编辑荐:唯有肆意滋长的野草,拼命吸收电解的氧气,来年定然更加疯长。几只不知名的鸟儿,停在坟丘上的小树上,醉心的鸣叫着。多年后,该是另一片林木。
乳白色的浓雾,仍旧盘困在清幽的山谷。恍如在母亲慈祥的眼里,安然熟睡的孩子,深怕一句多余的话语,打破它浅浅的美梦,打扰一颗醉于安眠的心。此时的群山,不曾留下旅人急促的脚步,唯有山间轻叫的鸟儿,远处飘来不知原处的声音,久久绕着浓雾不肯走远。
山依旧那么深邃,路仍然那么遥远,看似一眼即到,却生出许多不意揣摩的曲折。行至深处,没有蜿蜒不尽的小路,没有荡心起浮的幽然。路的尽头不是开荒种粮的厚土,是咬手疼脚的荆棘,是不晓去路的野地,是又一段艰走难行的路。腐叶的味道,弥漫不散,枯落的枝桠,横拦落地的步履。

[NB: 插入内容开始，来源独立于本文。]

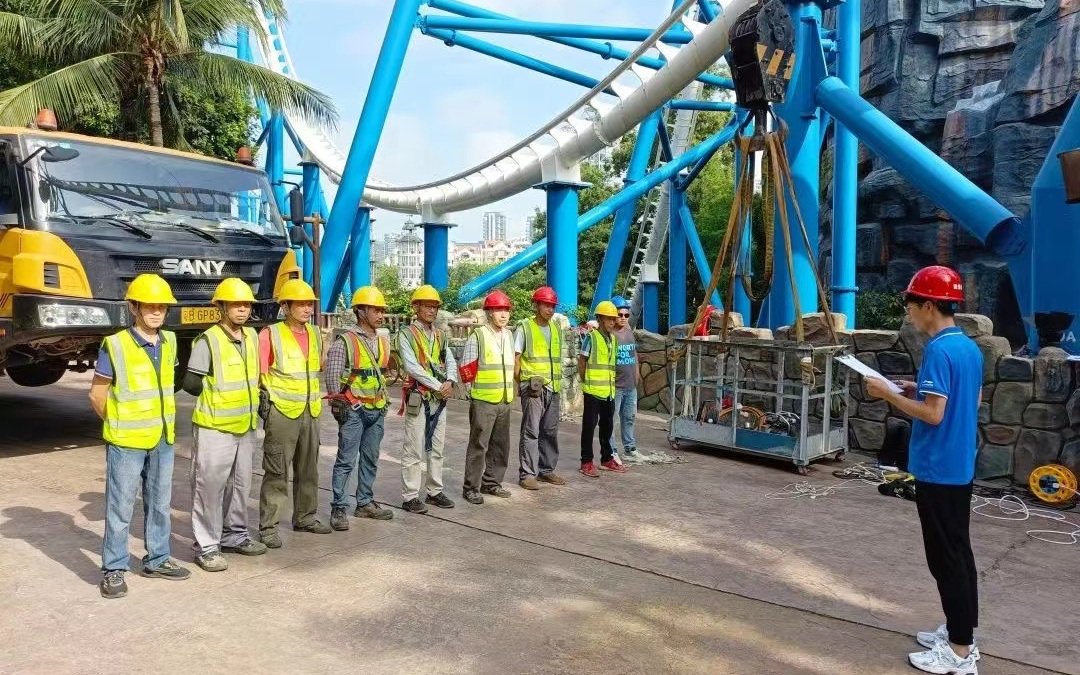 园方此前对“雪域雄鹰”项目进行检修。图源:深圳欢乐谷官方公众号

几座低矮的坟墓,就散落在茂密的树林间,没有华丽的墓碑,刺目的装饰,几块锈了青苔的石头围成一个圈,薄土掩盖了棺木,开拓的土壤,经岁月流转,又恢复了先前的模样。倘若不细心打量,很难分辨,绝对想不到这么一个不起眼的角落,既然埋着一个人,他曾在世上确切的走过,用尽一生的气力,开拓原始荒芜的大地,并尝试追逐一个不知何处的梦。
人总是要死的,这是轮回的必然,若非英年早逝,不必苛求大多的奢望,进而惶惶不可终日。不论是功高千古的帝王,醉于卑微的蝼蚁,还是短暂偷生的草木。没有永恒不灭的存在,枯落的瞬间,已是不可更改的决绝。

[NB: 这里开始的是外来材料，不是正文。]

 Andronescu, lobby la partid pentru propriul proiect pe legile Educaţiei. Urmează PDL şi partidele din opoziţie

原始的开始,在荒芜的源处,结束也在期间。我们行走的过程,只是借着不必担忧的日子,追逐一段不可忘记的经过,有悲伤的低谷,欢乐的趣味,也少不了茫然慌措错失。有时,不是世界辜负了诚心的向往,只是我们忘记了最初的想法,忘记了自我来自何方,又将归往何处。
从始至终,我们都无法看清自己的一生,不过在虚妄的岁月,看着身旁之人,慢慢的老去,悄悄地成长,看见荣枯的草木,回想自己走过的路,轻轻的叹息,原来这就是人生。所谓的功德富报,只有走在我们后面的人,才能清晰明白。就像我们蝶蝶不休的讨论别人的过去一样,他们也将在不知所为的言谈间,得出一致的结论,也就是那么一生。
走过怎样的一生,偷生苟且,还是淡然一世,无非个人的欲望纠结,爱好情深。粗茶淡饭,还是锦衣玉食,或甘于薄田,或乐于名利。待属于自己的时间的走到尽头,待满头白发由黑到白,青涩的脸颊,布满年岁的痕迹。最终薄土掩身,荒草披背。
一个人的路,平坦或者艰辛,不必深于醉谈,也不必分于浅粗,只需在前行的路上,不因妄想的言论,伤害靠近你我之人,不因自我的梦,损坏他人的梦。最怕那些疲于仕途的心,有意伤害别人一份淡然的趣梦,深怕不知是一个怎样的人,走过了怎样的一生。
雨静林醒,一阵凉风吹过,几片落叶打在坟丘上,几朵残花凋零枯萎。唯有肆意滋长的野草,拼命吸收电解的氧气,来年定然更加疯长。几只不知名的鸟儿,停在坟丘上的小树上,醉心的鸣叫着。多年后,该是另一片林木。
狭小的肠道,一直延伸到丛林的深处,随即未了踪迹。路,深幽的路,只有开始的去处,没有去处的开始。